A gênese do mamulengo é religiosa. Tudo começou no século XVI, quando os primeiros franciscanos que pisaram em Olinda, a 7 quilômetros do Recife (PE), tiveram a ideia de criar presépios mecanizados para catequizar os habitantes do lugar. Movidos por arames, fios e roldanas, os bonecos da Sagrada Família realizavam pequenos movimentos: Nossa Senhora abria os braços, São José inclinava a cabeça e o Menino Jesus mexia as perninhas. “Isso causou uma grande comoção nos fiéis”, conta Fernando.
Seu encantamento pela arte do mamulengo teve início ainda garoto. Àquela altura, a técnica já tinha migrado do interior das igrejas para as feiras populares. Para desgosto de sua mãe, ele passava horas assistindo às apresentações dos mestres mamulengueiros da época. “Ela reclamava bravamente das expressões chulas e das libertinagens”, recorda.
Na década de 1960, Fernando ingressou no Teatro Popular do Nordeste (TPN), fundado pelo dramaturgo pernambucano Hermilo Borba Filho (1917-1976).

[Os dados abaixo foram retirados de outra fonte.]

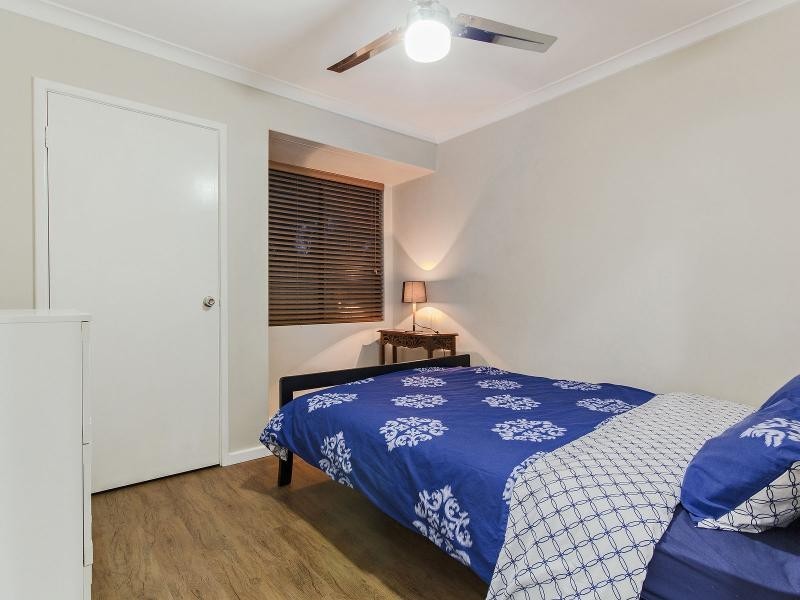 13 Trinidad Street, Safety Bay WA 6169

Um de seus primeiros trabalhos, como assistente de direção, foi o espetáculo Cabeleira Aí Vem, de Sylvio Rabello (1899-1992), em 1970. Cinco anos depois, fundou, em parceria com Nilson de Moura e Luiz Maurício Carvalheira, a companhia Só-Riso. “O riso é a grande arma contra a exploração dos poderosos”, filosofa.
Coautor de espetáculos como Festança no Reino da Mata Verde e Carnaval da Alegria, Fernando admite que um de seus mentores foi Januário de Oliveira (1910-1977), o Mestre Ginu, que ele conheceu em 1969. “Qualquer um pode ser mamulengueiro desde que conheça um mestre que aceite ensiná-lo a modelar e a manipular os bonecos”, explica. Quando fundou o Museu do Mamulengo, em 1994, o primeiro da América Latina dedicado a esse gênero, Fernando deu à instituição o nome de Professor Tiridá – a mais famosa criação de Mestre Ginu. Hoje, o acervo do museu dispõe de 1.200 peças, antigas e contemporâneas. Dessas, 350 estão em exposição.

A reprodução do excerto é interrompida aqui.